Premier angle mort : l’exécution. Les textes peuvent être relativement alignés, mais les capacités réelles (inspecteurs, outils de supervision, données, contrôle sur place, suivi des sanctions) restent souvent limitées et inégales. Or, dans la méthodologie du Basel AML Index, c’est précisément la qualité du dispositif et de son fonctionnement qui pèse le plus lourd.
Deuxième nœud : corruption et fraude.
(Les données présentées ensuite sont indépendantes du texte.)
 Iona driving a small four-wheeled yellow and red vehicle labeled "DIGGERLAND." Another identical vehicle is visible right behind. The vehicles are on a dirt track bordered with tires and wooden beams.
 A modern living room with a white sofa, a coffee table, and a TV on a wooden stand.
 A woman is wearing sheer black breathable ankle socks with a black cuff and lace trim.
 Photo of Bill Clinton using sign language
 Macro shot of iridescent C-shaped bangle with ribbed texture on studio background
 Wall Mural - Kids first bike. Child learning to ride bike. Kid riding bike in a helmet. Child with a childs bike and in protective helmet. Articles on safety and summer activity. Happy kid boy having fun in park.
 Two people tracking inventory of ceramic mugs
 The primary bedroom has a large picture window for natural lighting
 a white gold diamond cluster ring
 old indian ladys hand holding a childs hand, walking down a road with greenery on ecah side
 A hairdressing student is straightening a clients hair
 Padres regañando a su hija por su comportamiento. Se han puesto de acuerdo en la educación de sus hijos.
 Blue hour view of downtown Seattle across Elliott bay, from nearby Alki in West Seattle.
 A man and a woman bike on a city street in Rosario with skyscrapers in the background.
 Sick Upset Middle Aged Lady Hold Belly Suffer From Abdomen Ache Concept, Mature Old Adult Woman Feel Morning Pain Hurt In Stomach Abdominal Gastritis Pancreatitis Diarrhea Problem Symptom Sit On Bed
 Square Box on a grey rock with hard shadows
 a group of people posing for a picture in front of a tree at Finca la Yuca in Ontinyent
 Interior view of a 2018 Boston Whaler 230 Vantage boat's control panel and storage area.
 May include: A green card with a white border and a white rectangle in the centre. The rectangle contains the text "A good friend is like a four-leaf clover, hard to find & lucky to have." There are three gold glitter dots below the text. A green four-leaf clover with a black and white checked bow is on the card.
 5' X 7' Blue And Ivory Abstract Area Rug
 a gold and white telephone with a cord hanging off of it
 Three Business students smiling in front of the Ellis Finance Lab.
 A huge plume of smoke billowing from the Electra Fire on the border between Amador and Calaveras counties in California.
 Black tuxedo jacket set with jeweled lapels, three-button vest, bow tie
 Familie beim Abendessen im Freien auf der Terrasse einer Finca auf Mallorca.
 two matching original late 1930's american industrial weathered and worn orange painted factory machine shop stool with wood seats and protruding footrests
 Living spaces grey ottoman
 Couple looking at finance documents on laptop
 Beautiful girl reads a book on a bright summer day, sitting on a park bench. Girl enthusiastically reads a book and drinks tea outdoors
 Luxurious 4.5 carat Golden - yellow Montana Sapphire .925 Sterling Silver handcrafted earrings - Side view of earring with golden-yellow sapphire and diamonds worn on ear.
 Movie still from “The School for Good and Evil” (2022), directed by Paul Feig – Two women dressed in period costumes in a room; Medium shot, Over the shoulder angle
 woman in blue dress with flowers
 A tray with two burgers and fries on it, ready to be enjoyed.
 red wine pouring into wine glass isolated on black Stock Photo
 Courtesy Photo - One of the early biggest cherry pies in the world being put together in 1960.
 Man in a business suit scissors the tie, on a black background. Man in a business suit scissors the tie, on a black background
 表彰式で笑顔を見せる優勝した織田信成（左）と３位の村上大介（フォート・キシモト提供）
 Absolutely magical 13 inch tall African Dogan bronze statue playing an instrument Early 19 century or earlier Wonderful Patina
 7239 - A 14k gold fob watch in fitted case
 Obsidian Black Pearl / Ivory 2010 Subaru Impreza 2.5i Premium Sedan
Le score se nourrit d’indicateurs où la perception et les risques structurels comptent. Résultat : dès que la gouvernance publique vacille, la vulnérabilité AML grimpe mécaniquement. Pour les banques, c’est la zone la plus coûteuse : marchés publics, paiements d’intermédiation, flux extractifs, sous-traitance opaque, chaînes de société-écrans.
Troisième fracture : transparence financière. Qui détient quoi ? Qui contrôle quoi ? Et comment l’argent circule-t-il réellement ? La transparence des bénéficiaires effectifs, la qualité des registres, la traçabilité des flux, l’usage du cash et le contrôle des opérations transfrontalières deviennent des points de rupture. Là encore, l’indice accorde une place importante à ces dimensions.
Ce classement, les banques le paient cash
Dans les sièges des banques de la sous-région, personne n’ignore ce que signifie une étiquette “haut risque”. Ce n’est pas qu’une question d’image. C’est une variable de gestion.
D’abord, parce que les banques correspondantes – celles qui ouvrent l’accès au dollar, à l’euro, aux paiements internationaux et aux lettres de crédit – deviennent plus exigeantes. Elles demandent plus de preuves, plus de reporting, plus de garanties. Les revues KYC/KYB se multiplient, les délais s’allongent, et parfois les lignes se réduisent.
Ensuite, parce que la conformité coûte de plus en plus cher : systèmes de filtrage et de monitoring transactionnel, qualité de la donnée, formation continue, audit interne, remédiation KYC à grande échelle. Dans une zone où les marges bancaires sont déjà sous pression, la conformité devient une dépense structurelle, non négociable.
Enfin, parce que le risque AML finit par peser sur l’attractivité : investisseurs plus prudents, due diligences plus longues, prime de risque plus élevée, et “paperasse” plus lourde pour les financements structurés, les projets PPP ou les opérations de marché.
Le paradoxe : des réformes qui avancent, une perception qui colle
La région n’est pas immobile. Elle multiplie les séminaires, les textes, les sensibilisations, les dispositifs de coopération.
Mais la perception internationale se fabrique rarement sur l’intention. Elle se fabrique sur trois preuves concrètes :
Des évaluations et des suivis qui montrent des progrès mesurables ;
Une application visible (contrôles crédibles, sanctions dissuasives, confiscations, coopération judiciaire) ;
Une donnée plus robuste (déclarations, exploitation de renseignement financier, traçabilité, capacité d’enquête).
Tant que ces trois courbes ne montent pas en même temps, la CEMAC restera, aux yeux du marché, un espace où l’on exige “plus de documents” avant de faire passer un paiement.
Ce qui peut changer la trajectoire : la preuve, encore la preuve
Pour sortir durablement de la zone rouge, le chantier est moins théorique qu’opérationnel.
Supervision bancaire plus tranchante, basée sur les risques : inspections ciblées, sanctions proportionnées mais réellement dissuasives, et suivi des plans correctifs.
Transparence des bénéficiaires effectifs : registres fiables, consultables, exploitables par les banques et les assujettis, et mécanismes de vérification.
Coopération CRF–justice–douanes : circulation de l’information, enquêtes financières, gels et saisies qui deviennent visibles parce que c’est ce que regardent les correspondants et les investisseurs.
Au fond, le Basel AML Index 2025 ne condamne pas : il avertit. Il rappelle que, dans la bataille de la crédibilité financière, l’Afrique centrale ne sera pas jugée sur ses textes, mais sur sa capacité à produire, année après année, des résultats LBC/FT incontestables, ceuxCEMAC : le Basel AML Index 2025 place la région dans la zone rouge du blanchiment qui rassurent les marchés, stabilisent les banques, et redonnent de l’oxygène à l’intégration régionale.